→ **Problem details**
Print the lines below from the line with "Hoffenheim: Grillitschs Zukunft Offen" to the line with "Taman Bunga Celosia" exactly, keeping both ends, and print no pictures.

Top of Given data

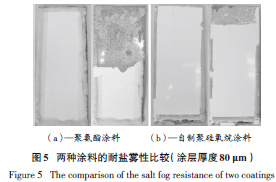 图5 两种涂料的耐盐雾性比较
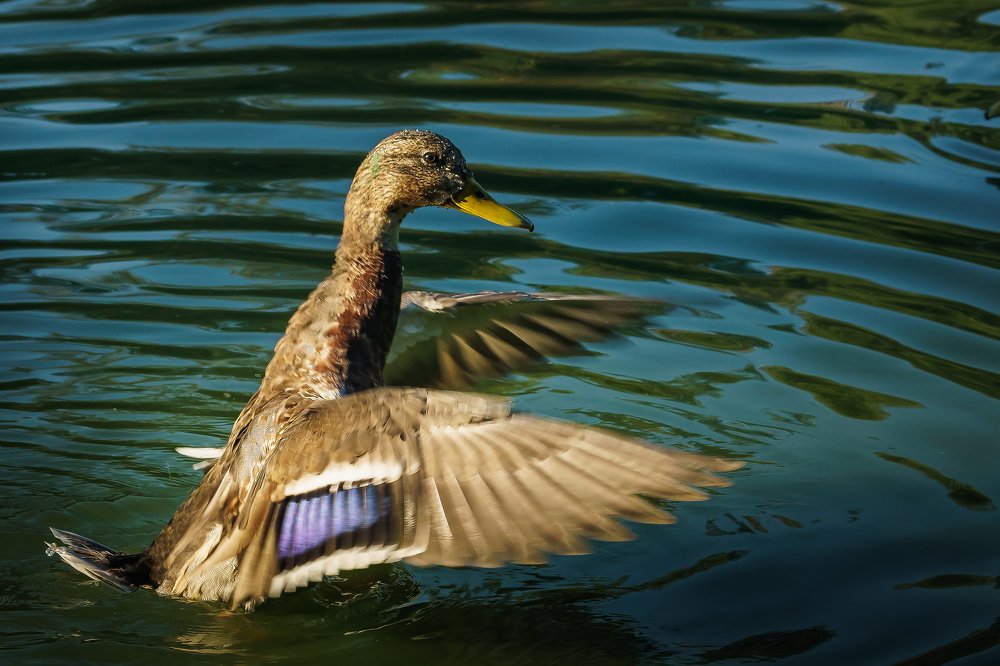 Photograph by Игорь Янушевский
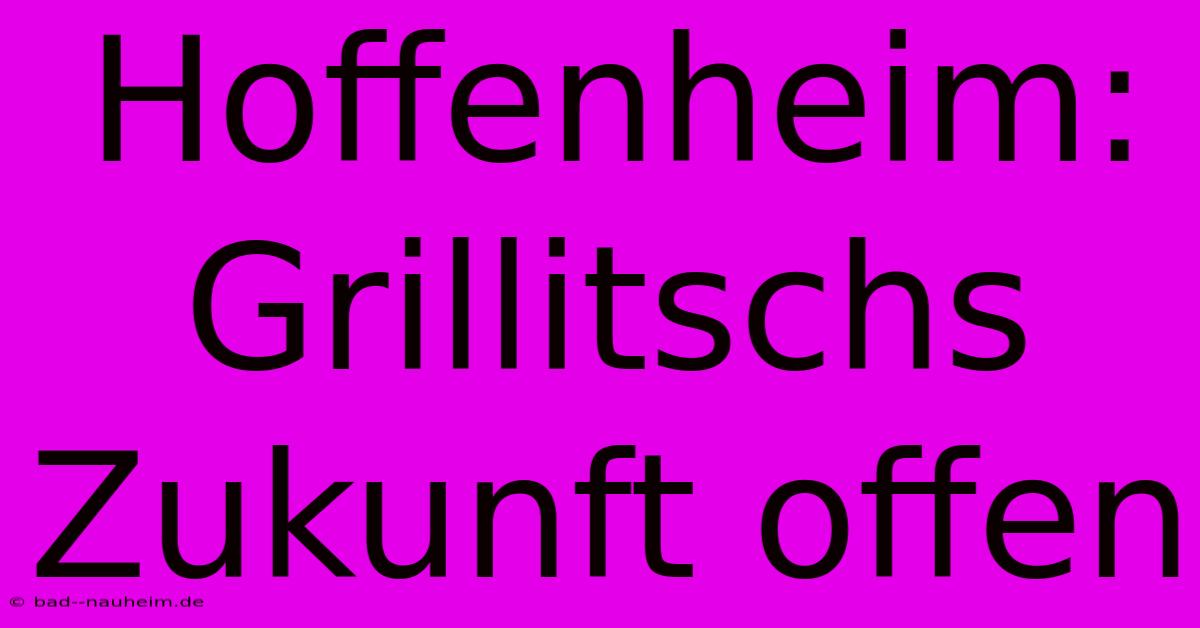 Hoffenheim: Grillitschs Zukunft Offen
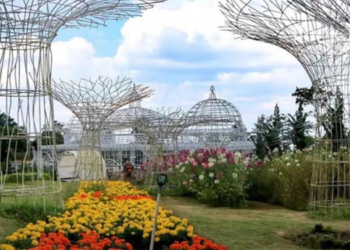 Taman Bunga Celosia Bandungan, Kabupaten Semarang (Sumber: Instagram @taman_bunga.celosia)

Bottom of Given data
Top of Given data

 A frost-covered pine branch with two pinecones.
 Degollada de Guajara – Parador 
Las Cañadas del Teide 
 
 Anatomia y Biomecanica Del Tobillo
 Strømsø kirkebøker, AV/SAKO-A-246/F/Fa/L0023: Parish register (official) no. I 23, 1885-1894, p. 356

Bottom of Given data

→ **Expected answer**
 Hoffenheim: Grillitschs Zukunft Offen
 Taman Bunga Celosia Bandungan, Kabupaten Semarang (Sumber: Instagram @taman_bunga.celosia)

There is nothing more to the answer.